[Stored items from a collection]
==================================================

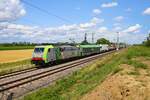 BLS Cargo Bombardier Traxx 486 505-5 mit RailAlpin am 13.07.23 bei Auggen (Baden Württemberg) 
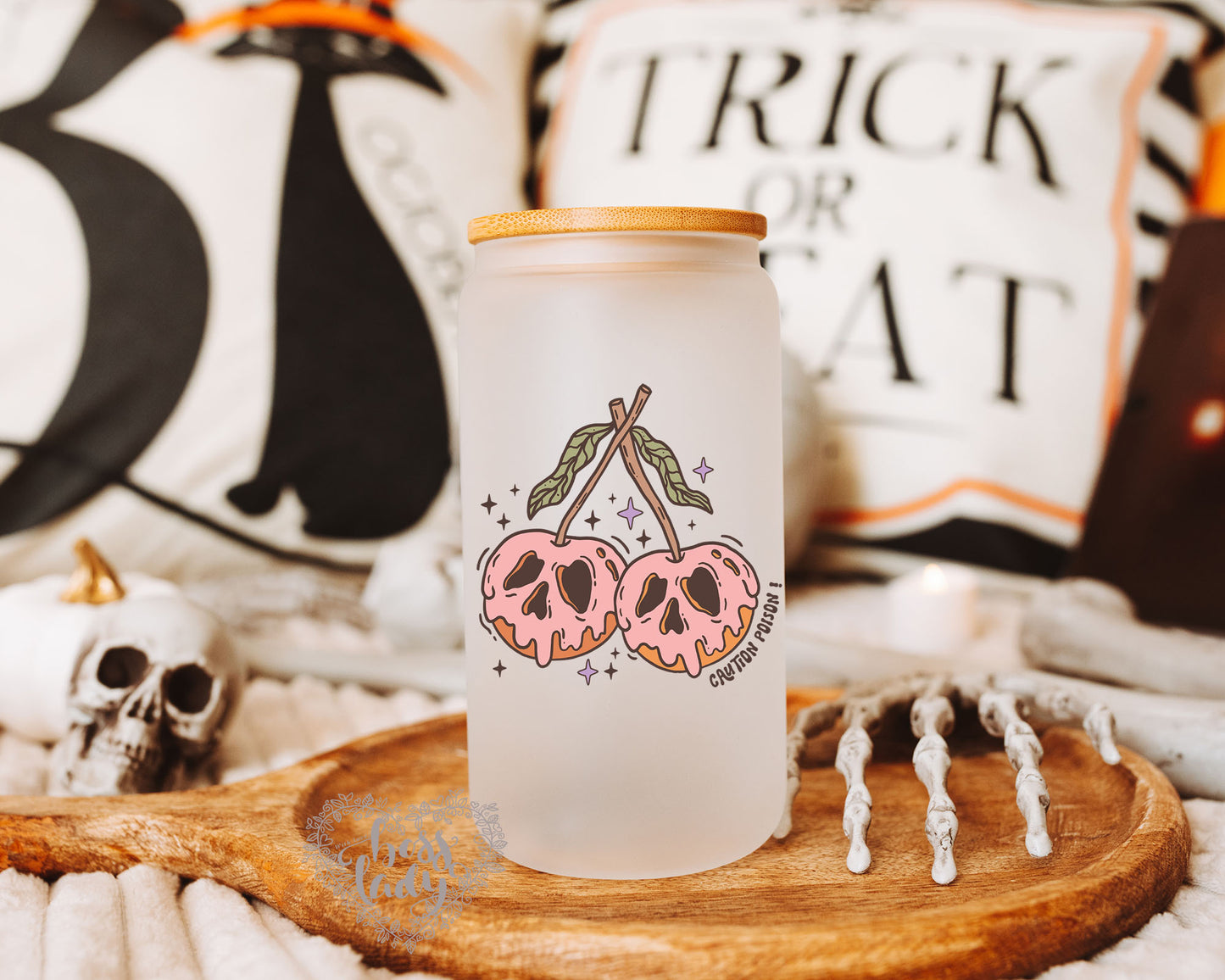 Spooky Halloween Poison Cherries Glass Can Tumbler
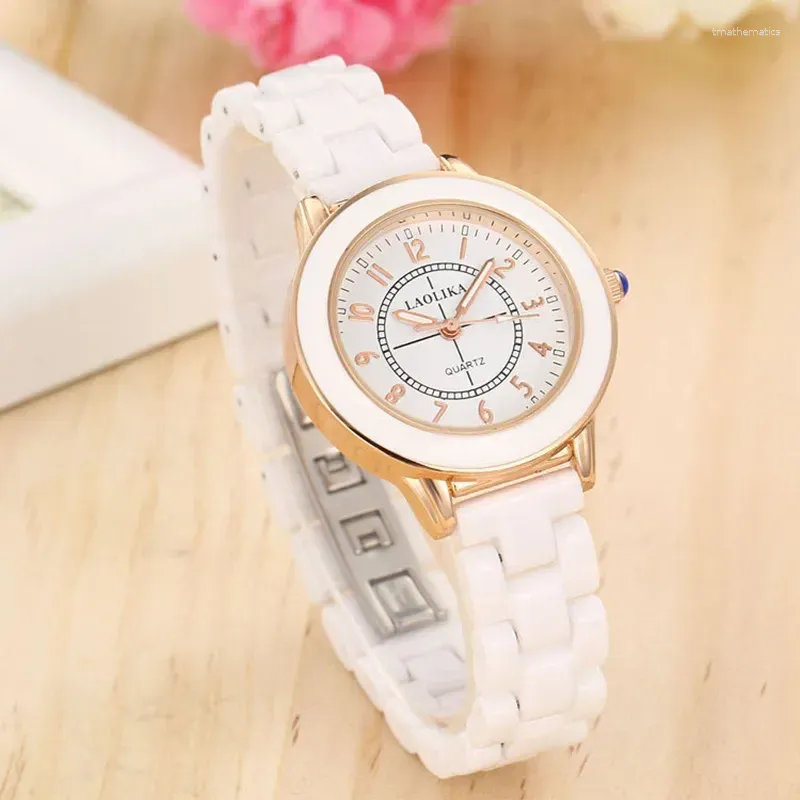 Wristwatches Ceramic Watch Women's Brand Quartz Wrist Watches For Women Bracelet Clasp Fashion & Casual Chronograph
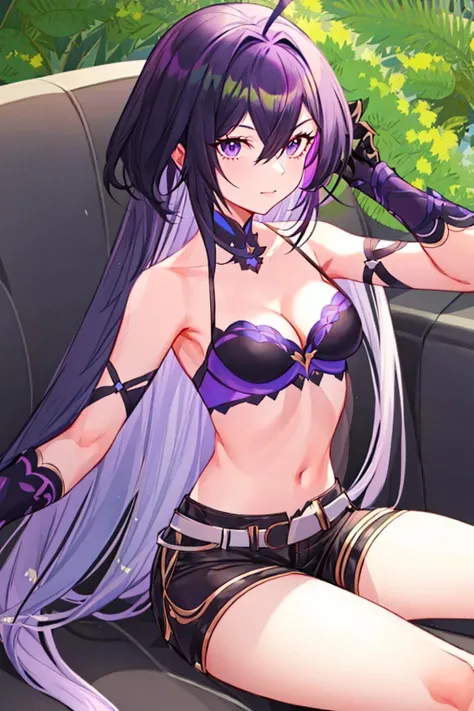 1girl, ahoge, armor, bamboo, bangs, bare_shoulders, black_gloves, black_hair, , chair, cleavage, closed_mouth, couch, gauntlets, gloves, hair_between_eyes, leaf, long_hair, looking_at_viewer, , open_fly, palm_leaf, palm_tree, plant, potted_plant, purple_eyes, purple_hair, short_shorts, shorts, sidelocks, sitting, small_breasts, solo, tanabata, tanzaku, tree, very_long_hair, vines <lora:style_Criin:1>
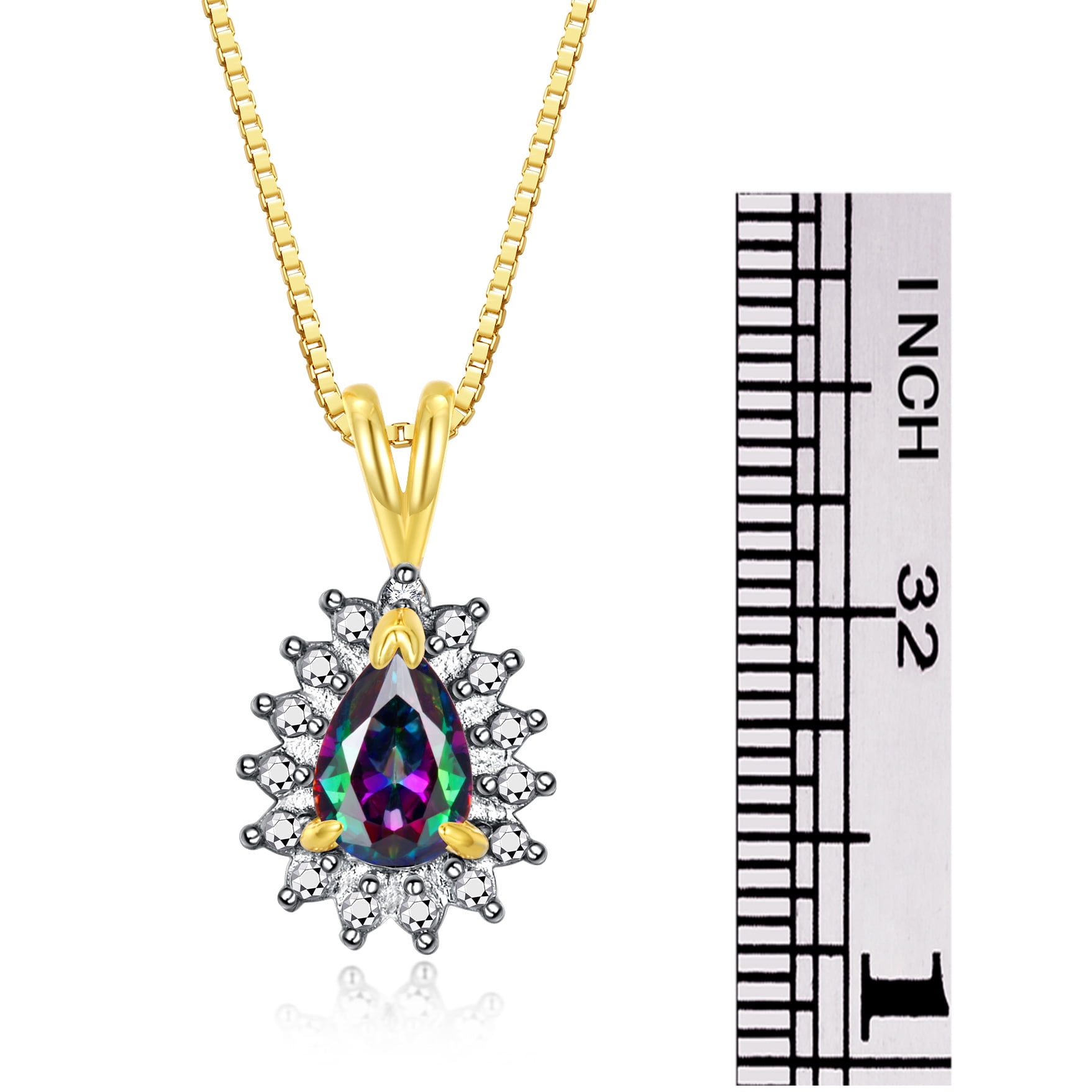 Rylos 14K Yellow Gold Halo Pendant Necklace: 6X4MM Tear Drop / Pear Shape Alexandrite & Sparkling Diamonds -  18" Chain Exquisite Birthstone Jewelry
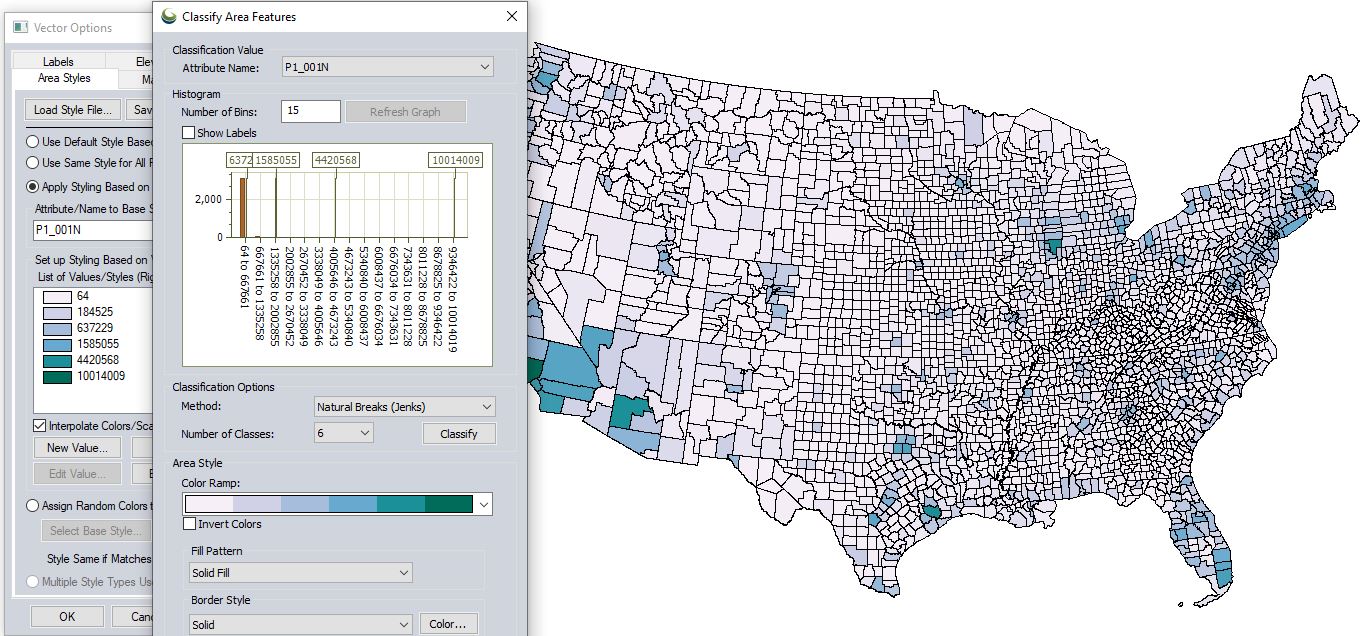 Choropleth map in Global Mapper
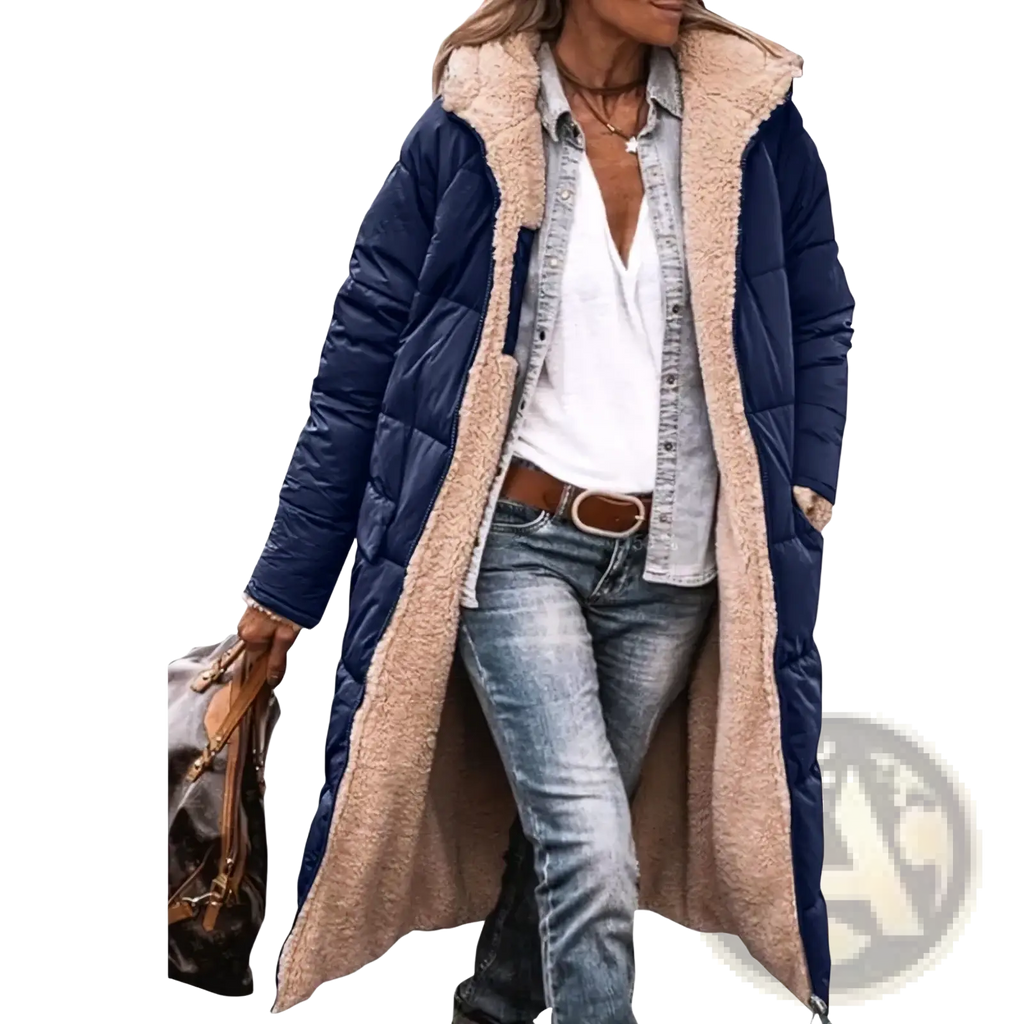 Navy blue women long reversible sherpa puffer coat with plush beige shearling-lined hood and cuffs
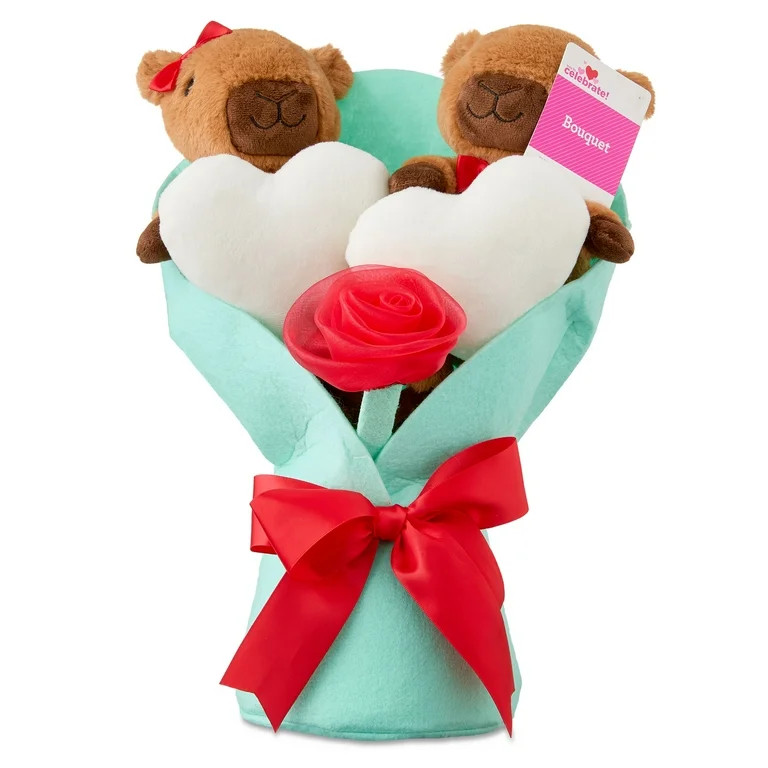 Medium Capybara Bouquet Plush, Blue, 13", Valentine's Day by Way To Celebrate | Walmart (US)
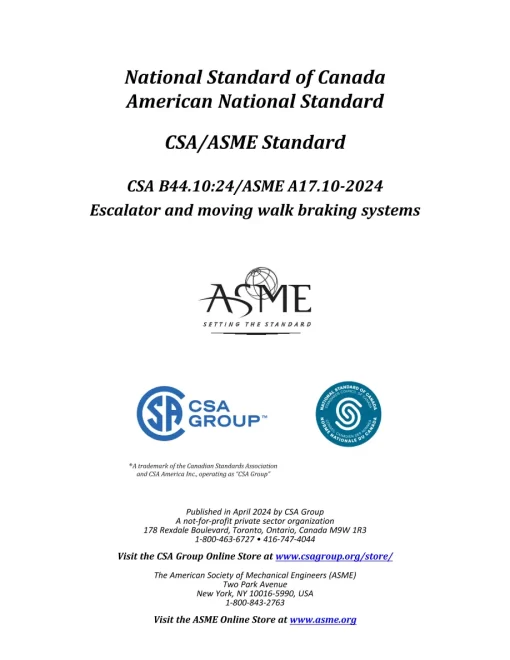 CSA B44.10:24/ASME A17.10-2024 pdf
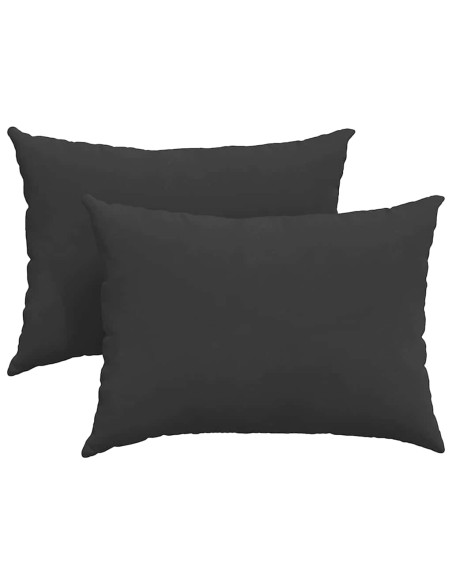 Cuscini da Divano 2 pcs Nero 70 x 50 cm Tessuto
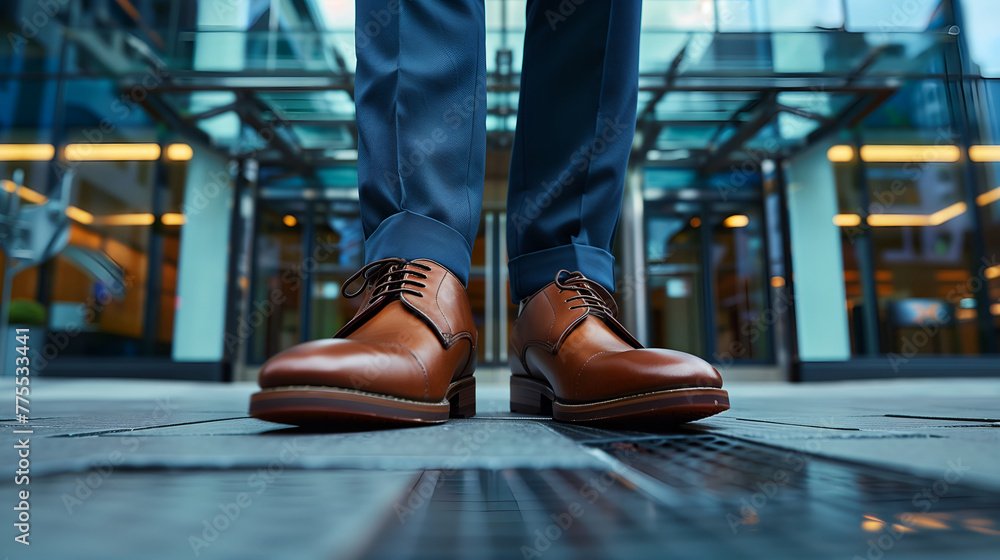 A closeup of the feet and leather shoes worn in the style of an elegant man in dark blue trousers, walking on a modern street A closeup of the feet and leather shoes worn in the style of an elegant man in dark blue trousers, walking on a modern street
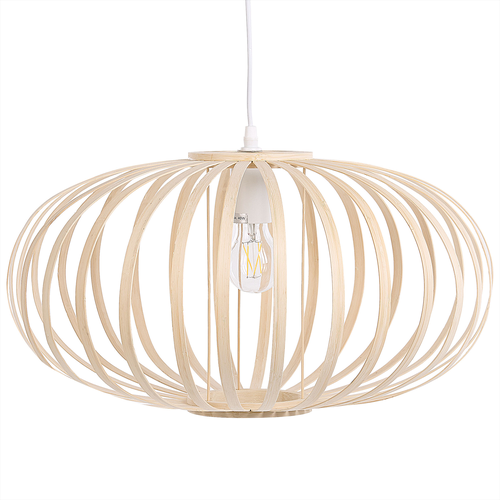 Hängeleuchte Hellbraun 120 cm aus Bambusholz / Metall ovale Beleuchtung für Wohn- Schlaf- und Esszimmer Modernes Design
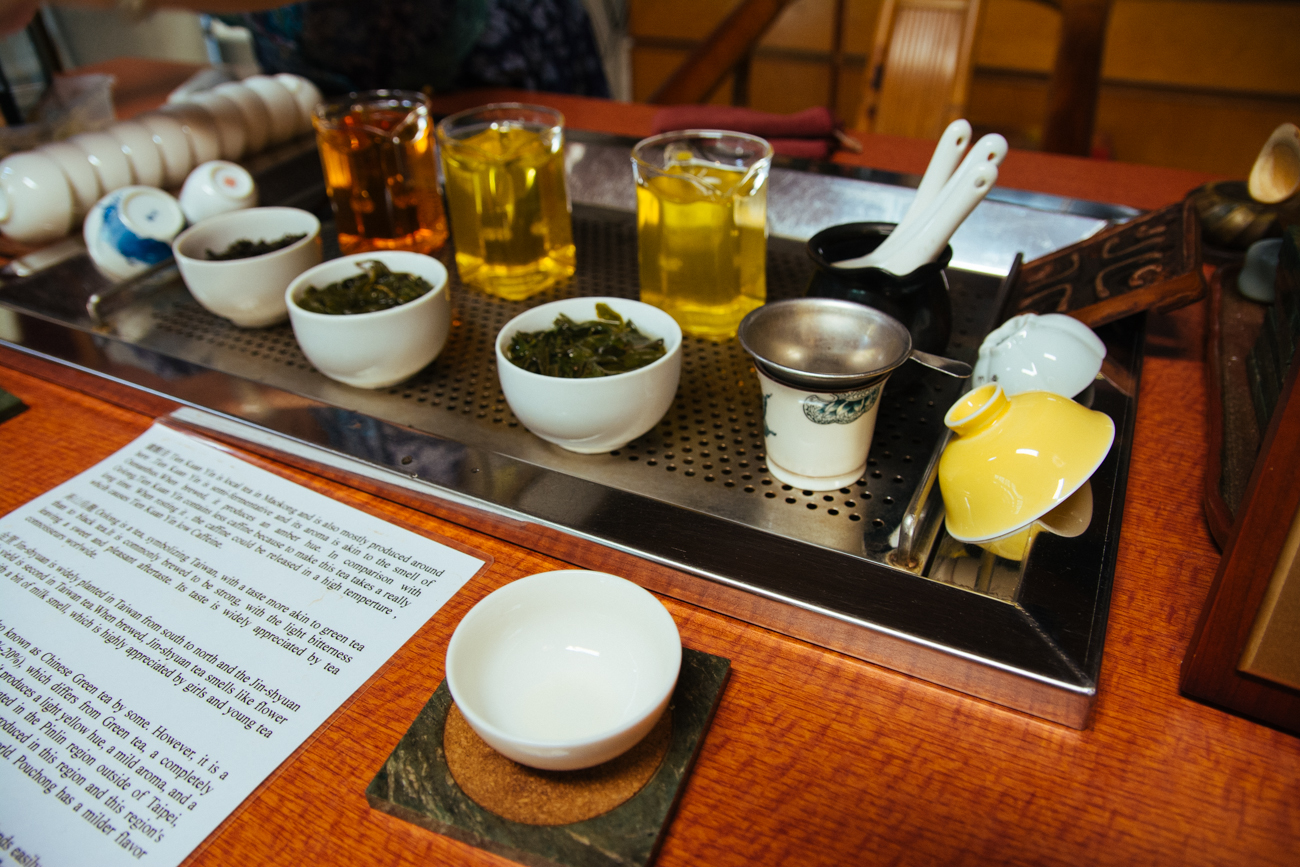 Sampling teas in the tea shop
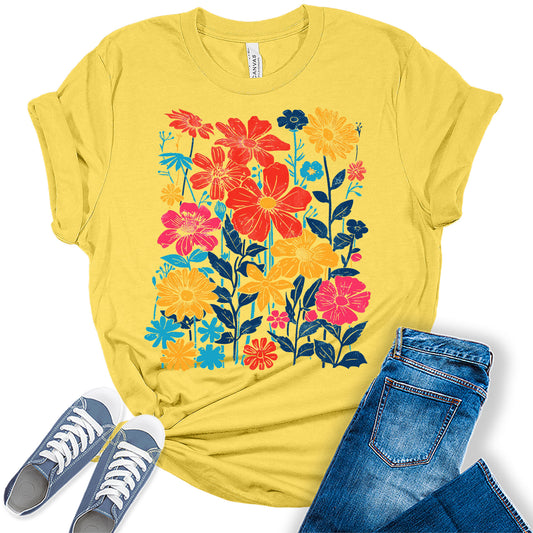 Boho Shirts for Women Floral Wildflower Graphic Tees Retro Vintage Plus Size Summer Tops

==================================================

About this exercise
An exact retyping of each record, with no pictures, is the answer required.

Solution to this task
 BLS Cargo Bombardier Traxx 486 505-5 mit RailAlpin am 13.07.23 bei Auggen (Baden Württemberg) 
 Spooky Halloween Poison Cherries Glass Can Tumbler
 Wristwatches Ceramic Watch Women's Brand Quartz Wrist Watches For Women Bracelet Clasp Fashion & Casual Chronograph
 1girl, ahoge, armor, bamboo, bangs, bare_shoulders, black_gloves, black_hair, , chair, cleavage, closed_mouth, couch, gauntlets, gloves, hair_between_eyes, leaf, long_hair, looking_at_viewer, , open_fly, palm_leaf, palm_tree, plant, potted_plant, purple_eyes, purple_hair, short_shorts, shorts, sidelocks, sitting, small_breasts, solo, tanabata, tanzaku, tree, very_long_hair, vines <lora:style_Criin:1>
 Rylos 14K Yellow Gold Halo Pendant Necklace: 6X4MM Tear Drop / Pear Shape Alexandrite & Sparkling Diamonds -  18" Chain Exquisite Birthstone Jewelry
 Choropleth map in Global Mapper
 Navy blue women long reversible sherpa puffer coat with plush beige shearling-lined hood and cuffs
 Medium Capybara Bouquet Plush, Blue, 13", Valentine's Day by Way To Celebrate | Walmart (US)
 CSA B44.10:24/ASME A17.10-2024 pdf
 Cuscini da Divano 2 pcs Nero 70 x 50 cm Tessuto
 A closeup of the feet and leather shoes worn in the style of an elegant man in dark blue trousers, walking on a modern street A closeup of the feet and leather shoes worn in the style of an elegant man in dark blue trousers, walking on a modern street
 Hängeleuchte Hellbraun 120 cm aus Bambusholz / Metall ovale Beleuchtung für Wohn- Schlaf- und Esszimmer Modernes Design
 Sampling teas in the tea shop
 Boho Shirts for Women Floral Wildflower Graphic Tees Retro Vintage Plus Size Summer Tops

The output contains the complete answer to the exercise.